**What you are asked to do:** Leave out the pictures, and copy exactly the lines from the line with "a pikachu holding" through the last line of the data below.

**Data records:**

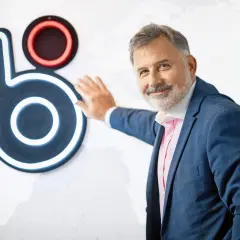 Mężczyzna w garniturze opiera się o logo BLIK. Czy to on wymyślił BLIK?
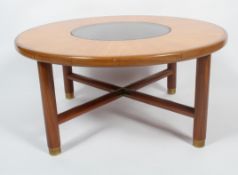 A G-plan 1970's glass mounted circular teak framed coffee table,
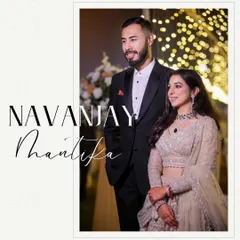 A classic, elegant portrait of the newly engaged couple. This shot, taken at the Gymkhana Club Delhi, captures their sophisticated style against a backdrop of beautiful bokeh lights.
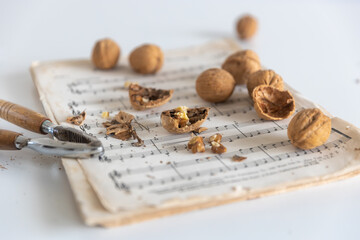 Nutcracker with walnuts in a rusty tin box on music paper on a white table. Place for your text
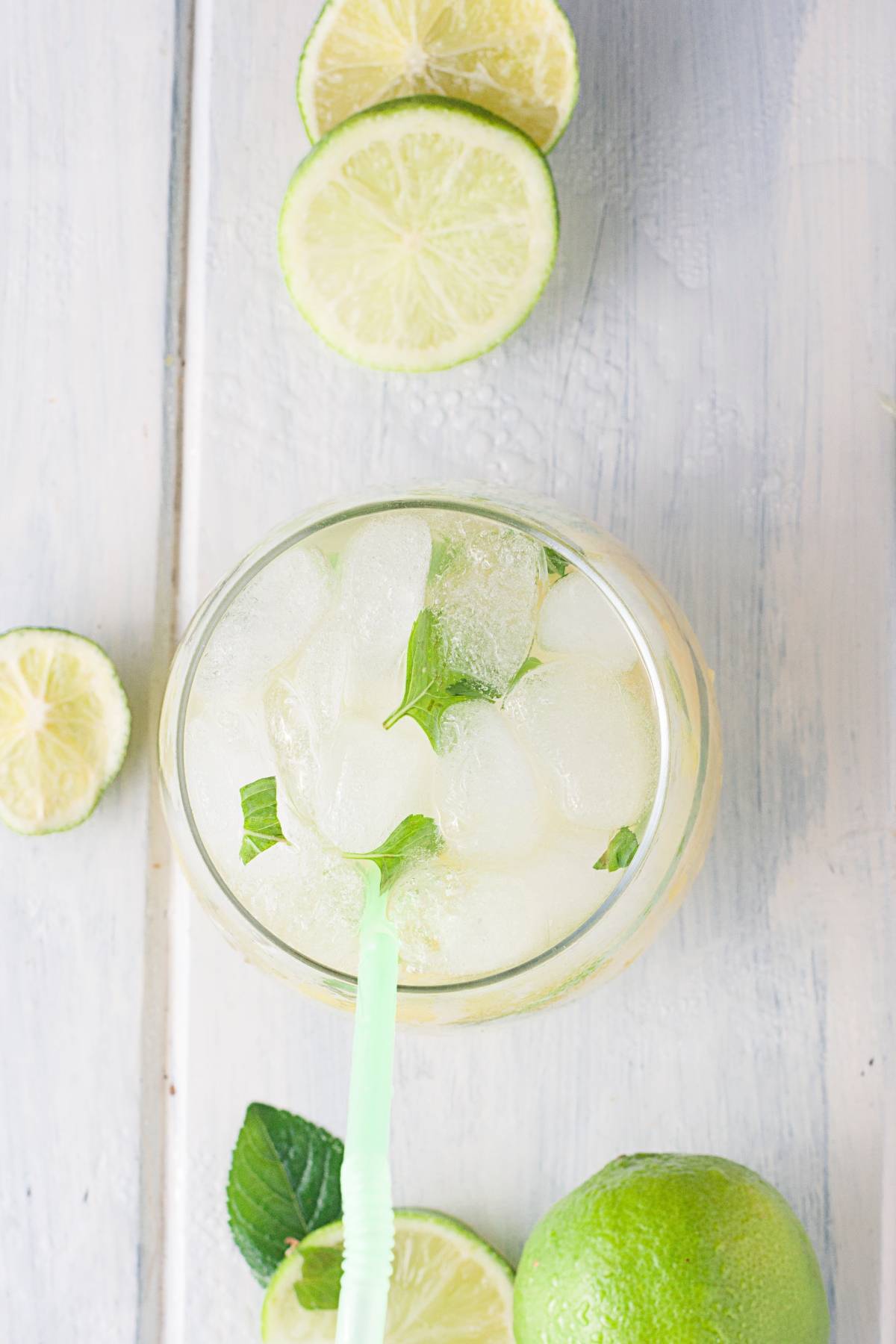 Top view of a Pineapple ginger mojito mocktail with ice, mint leaves, and a green straw, surrounded by fresh lime slices on a white surface—a refreshing tropical mocktail experience.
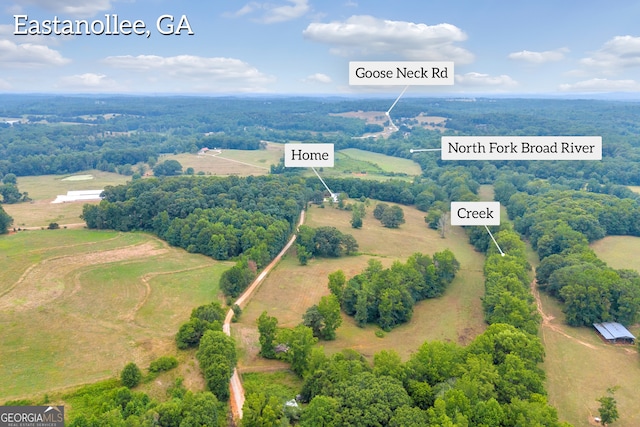 birds eye view of property with a rural view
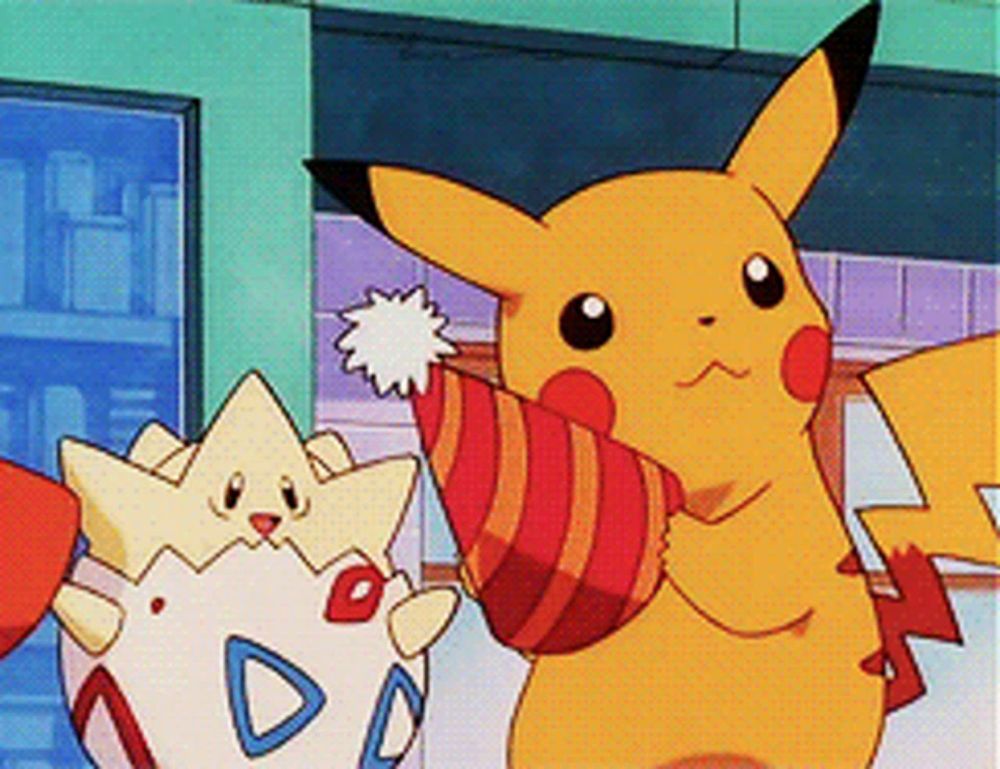 a pikachu holding a party hat next to a togey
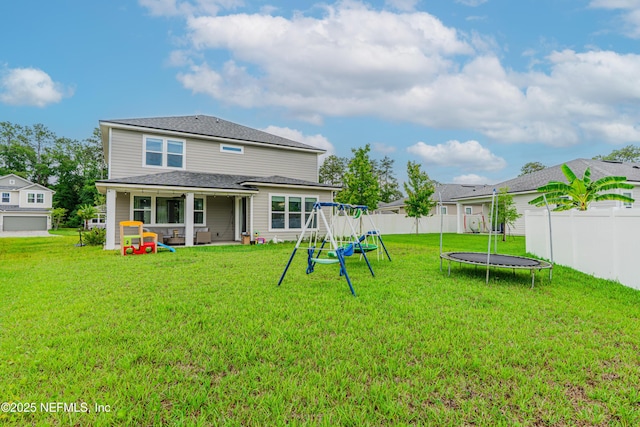 194 Napo Way, Saint Johns, FL 32259 - rear view of property with a trampoline and a playground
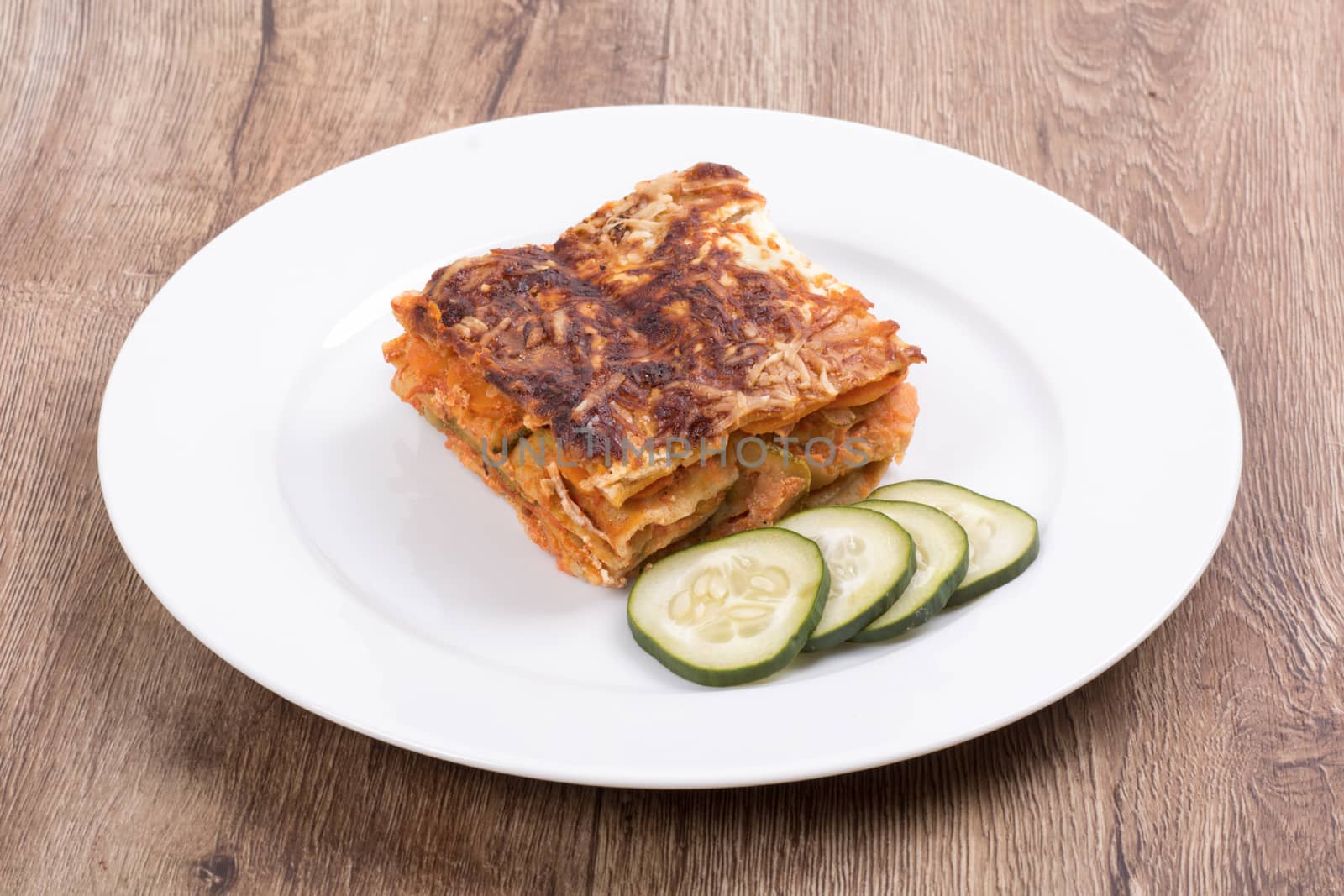Vegetarian food on a white plate with wooden background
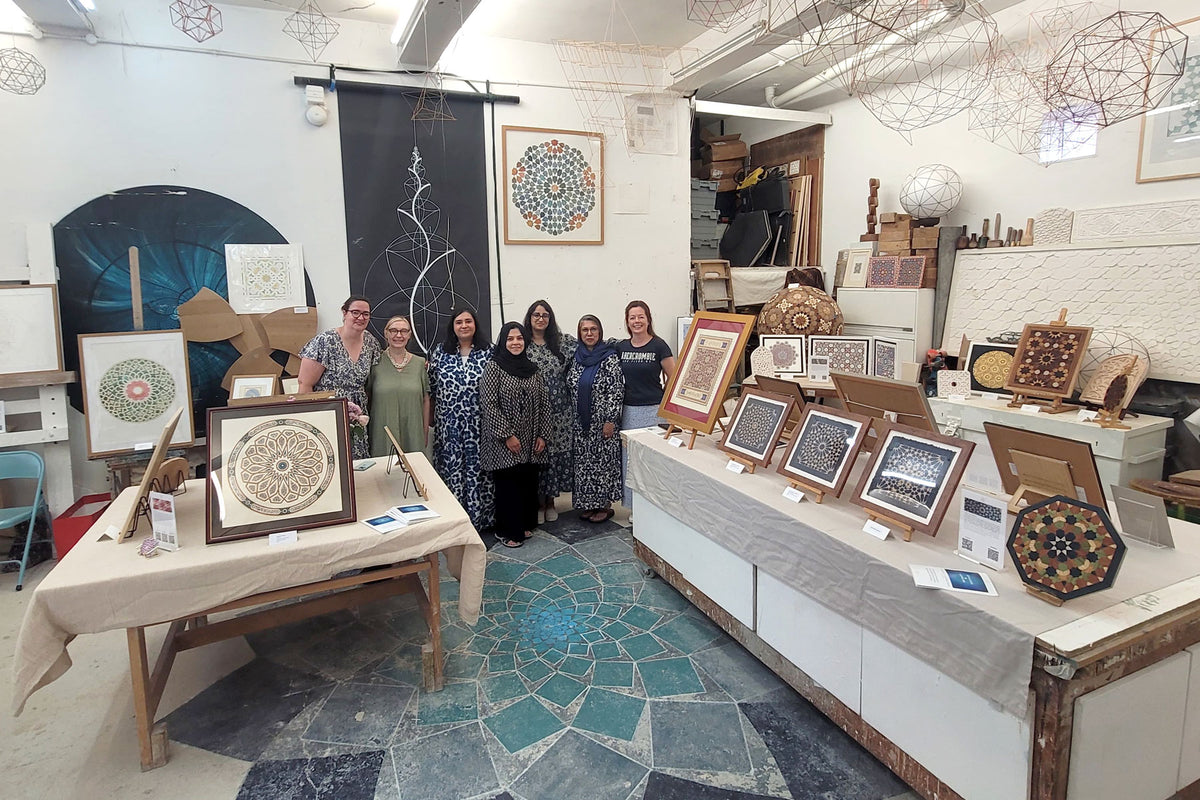 Group of artists in London studio with framed biomorphic and geometric artwork on tables and walls.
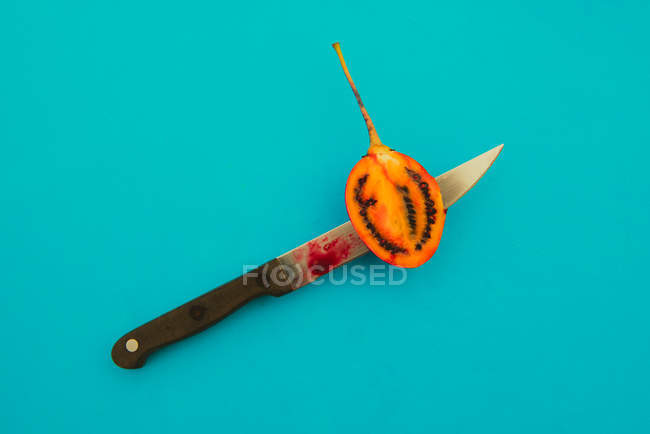Гострий ніж, що нарізає смачно стиглий тамарілло на яскраво-синьому фоні — стокове фото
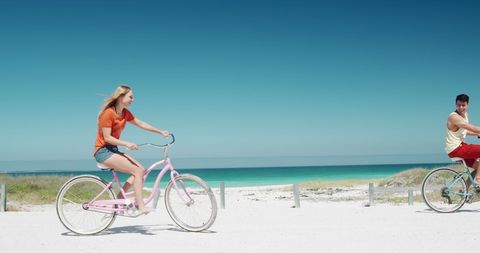 Joyful Couple Cycling on Seaside Path in Summer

**Finished task:**
 a pikachu holding a party hat next to a togey
 194 Napo Way, Saint Johns, FL 32259 - rear view of property with a trampoline and a playground
Vegetarian food on a white plate with wooden background
 Group of artists in London studio with framed biomorphic and geometric artwork on tables and walls.
Гострий ніж, що нарізає смачно стиглий тамарілло на яскраво-синьому фоні — стокове фото
 Joyful Couple Cycling on Seaside Path in Summer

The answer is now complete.